« Davi est le nom de notre personnage, qui vit aujourd’hui dans le grand Vitória et que sa famille a réussi à sortir du monde des drogues.
Quand j’ai connu Davi à Vila Velha, un garçon ordinaire, un coiffeur qui parlait doucement, bosseur, supporteur du Vasco da Gama, jamais je n’aurais imaginé que je raconterais un jour son histoire, cette histoire.
Chaque fois que je me rendais au siège du syndicat, je passais par le salon Da Silva, sur la place Duque de Caxias, et plaisantais là quelques instants avec tous les clients, que je connaissais tous de près ou de loin. Le salon était toujours plein à l’époque où tous les services administratifs étaient regroupés dans le centre de la ville.

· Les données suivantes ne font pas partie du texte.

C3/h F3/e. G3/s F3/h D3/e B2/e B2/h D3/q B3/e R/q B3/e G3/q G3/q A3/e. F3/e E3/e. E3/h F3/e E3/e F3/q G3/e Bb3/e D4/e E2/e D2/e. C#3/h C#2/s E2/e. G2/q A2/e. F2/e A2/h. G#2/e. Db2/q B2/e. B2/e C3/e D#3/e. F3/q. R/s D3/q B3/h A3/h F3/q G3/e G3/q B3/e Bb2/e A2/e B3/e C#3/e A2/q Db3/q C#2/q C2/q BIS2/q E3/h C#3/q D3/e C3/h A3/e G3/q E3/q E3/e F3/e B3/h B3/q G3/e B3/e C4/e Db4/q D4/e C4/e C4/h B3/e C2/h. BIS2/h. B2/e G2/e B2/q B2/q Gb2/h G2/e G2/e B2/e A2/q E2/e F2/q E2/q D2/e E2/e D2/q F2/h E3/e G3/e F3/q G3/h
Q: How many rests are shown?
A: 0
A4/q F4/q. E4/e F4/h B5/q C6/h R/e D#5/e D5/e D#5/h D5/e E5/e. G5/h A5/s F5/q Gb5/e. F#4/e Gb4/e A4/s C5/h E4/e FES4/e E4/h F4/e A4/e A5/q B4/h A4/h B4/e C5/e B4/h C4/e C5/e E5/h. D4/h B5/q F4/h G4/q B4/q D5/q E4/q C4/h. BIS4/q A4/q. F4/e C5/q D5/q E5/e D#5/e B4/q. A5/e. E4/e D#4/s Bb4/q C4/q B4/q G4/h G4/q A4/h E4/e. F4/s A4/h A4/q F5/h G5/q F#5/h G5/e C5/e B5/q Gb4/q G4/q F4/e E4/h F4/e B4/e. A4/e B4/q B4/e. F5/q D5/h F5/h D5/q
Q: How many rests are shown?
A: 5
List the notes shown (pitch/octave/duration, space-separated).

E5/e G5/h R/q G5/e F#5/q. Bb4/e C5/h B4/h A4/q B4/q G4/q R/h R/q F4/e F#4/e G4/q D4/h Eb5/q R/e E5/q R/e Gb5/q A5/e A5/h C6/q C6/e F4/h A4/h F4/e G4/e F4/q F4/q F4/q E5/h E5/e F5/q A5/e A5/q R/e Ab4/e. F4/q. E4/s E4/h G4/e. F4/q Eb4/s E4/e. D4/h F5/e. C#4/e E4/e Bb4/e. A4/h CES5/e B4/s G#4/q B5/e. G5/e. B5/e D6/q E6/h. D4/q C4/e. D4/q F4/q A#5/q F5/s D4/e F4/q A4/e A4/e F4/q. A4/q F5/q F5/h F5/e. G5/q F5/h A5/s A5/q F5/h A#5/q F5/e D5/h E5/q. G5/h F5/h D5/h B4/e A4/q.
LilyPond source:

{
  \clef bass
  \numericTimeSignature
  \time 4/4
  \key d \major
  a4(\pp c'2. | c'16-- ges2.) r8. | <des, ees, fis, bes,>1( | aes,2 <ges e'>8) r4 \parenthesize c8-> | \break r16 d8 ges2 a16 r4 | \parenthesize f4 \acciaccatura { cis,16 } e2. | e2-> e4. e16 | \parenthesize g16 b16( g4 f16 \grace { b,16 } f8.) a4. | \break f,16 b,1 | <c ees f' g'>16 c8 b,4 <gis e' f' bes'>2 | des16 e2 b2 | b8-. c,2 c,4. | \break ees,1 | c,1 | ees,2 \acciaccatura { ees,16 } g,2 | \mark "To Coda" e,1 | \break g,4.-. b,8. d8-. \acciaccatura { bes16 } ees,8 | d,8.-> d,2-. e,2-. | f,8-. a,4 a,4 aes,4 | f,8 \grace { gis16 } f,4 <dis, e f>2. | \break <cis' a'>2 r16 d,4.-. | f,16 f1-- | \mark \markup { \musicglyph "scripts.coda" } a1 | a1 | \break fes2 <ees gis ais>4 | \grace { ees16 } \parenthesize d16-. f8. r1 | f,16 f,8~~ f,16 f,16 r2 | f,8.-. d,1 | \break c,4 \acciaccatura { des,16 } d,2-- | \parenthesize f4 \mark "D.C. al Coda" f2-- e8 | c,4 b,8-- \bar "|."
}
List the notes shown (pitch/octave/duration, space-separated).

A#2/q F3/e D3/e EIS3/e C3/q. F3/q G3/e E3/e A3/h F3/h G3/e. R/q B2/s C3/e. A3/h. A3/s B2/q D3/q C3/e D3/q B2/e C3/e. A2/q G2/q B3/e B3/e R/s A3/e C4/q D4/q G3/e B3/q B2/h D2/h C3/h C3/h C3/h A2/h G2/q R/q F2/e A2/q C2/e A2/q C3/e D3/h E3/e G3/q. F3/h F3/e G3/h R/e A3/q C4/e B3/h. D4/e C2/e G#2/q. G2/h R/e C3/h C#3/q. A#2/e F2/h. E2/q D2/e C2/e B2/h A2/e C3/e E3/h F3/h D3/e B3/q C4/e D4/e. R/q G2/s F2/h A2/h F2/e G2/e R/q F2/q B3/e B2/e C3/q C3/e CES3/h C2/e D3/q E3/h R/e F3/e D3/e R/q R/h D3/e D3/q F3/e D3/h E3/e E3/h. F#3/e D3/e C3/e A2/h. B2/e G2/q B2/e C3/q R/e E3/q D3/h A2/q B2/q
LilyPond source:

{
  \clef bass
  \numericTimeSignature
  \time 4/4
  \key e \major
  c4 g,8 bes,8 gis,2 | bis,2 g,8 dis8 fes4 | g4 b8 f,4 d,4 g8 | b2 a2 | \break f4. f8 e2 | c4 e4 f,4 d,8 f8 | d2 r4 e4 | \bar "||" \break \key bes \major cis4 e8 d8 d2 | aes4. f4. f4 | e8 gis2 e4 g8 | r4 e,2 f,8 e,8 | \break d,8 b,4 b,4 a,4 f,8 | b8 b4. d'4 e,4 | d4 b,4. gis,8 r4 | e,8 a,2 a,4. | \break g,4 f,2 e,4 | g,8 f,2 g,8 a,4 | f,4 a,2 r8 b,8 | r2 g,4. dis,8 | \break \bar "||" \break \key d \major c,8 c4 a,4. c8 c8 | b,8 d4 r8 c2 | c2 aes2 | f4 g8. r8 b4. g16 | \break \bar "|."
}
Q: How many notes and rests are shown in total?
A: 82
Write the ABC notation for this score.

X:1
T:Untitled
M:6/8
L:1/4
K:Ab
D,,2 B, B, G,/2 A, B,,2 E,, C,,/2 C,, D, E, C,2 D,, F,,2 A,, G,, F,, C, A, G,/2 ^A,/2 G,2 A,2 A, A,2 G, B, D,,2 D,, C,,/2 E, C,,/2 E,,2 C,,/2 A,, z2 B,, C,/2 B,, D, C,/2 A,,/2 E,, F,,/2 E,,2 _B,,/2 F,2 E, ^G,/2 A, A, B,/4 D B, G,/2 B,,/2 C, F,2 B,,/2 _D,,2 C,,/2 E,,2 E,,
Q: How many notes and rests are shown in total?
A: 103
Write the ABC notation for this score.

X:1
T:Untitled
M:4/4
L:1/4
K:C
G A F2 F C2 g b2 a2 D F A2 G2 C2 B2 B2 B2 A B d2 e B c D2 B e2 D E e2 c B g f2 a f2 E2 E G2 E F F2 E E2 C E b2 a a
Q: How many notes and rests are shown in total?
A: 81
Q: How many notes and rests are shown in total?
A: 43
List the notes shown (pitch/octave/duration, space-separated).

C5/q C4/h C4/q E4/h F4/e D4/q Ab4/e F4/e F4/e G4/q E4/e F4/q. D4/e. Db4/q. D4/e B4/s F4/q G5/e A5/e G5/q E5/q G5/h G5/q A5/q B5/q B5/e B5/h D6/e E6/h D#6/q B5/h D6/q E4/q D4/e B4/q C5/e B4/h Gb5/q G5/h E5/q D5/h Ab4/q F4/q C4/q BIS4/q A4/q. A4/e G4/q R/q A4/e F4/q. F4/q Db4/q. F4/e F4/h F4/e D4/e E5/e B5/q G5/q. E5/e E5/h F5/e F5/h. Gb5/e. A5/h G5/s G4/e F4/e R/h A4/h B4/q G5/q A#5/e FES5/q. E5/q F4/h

C’était là que se retrouvaient tous les cadors pour boire un café, se faire couper les cheveux, donner leurs chaussures à cirer. C’était un salon exclusivement masculin, comme il l’est encore aujourd’hui.
Mais venons en à Davi, qui m’avais toujours dit qu’il avait habité à Rio, qu’il était supporteur du Vasco, mais qu’il ne ressentait aucune saudade de la ville qui se prétendait merveilleuse, au point qu’il se sentait un vrai Capixaba.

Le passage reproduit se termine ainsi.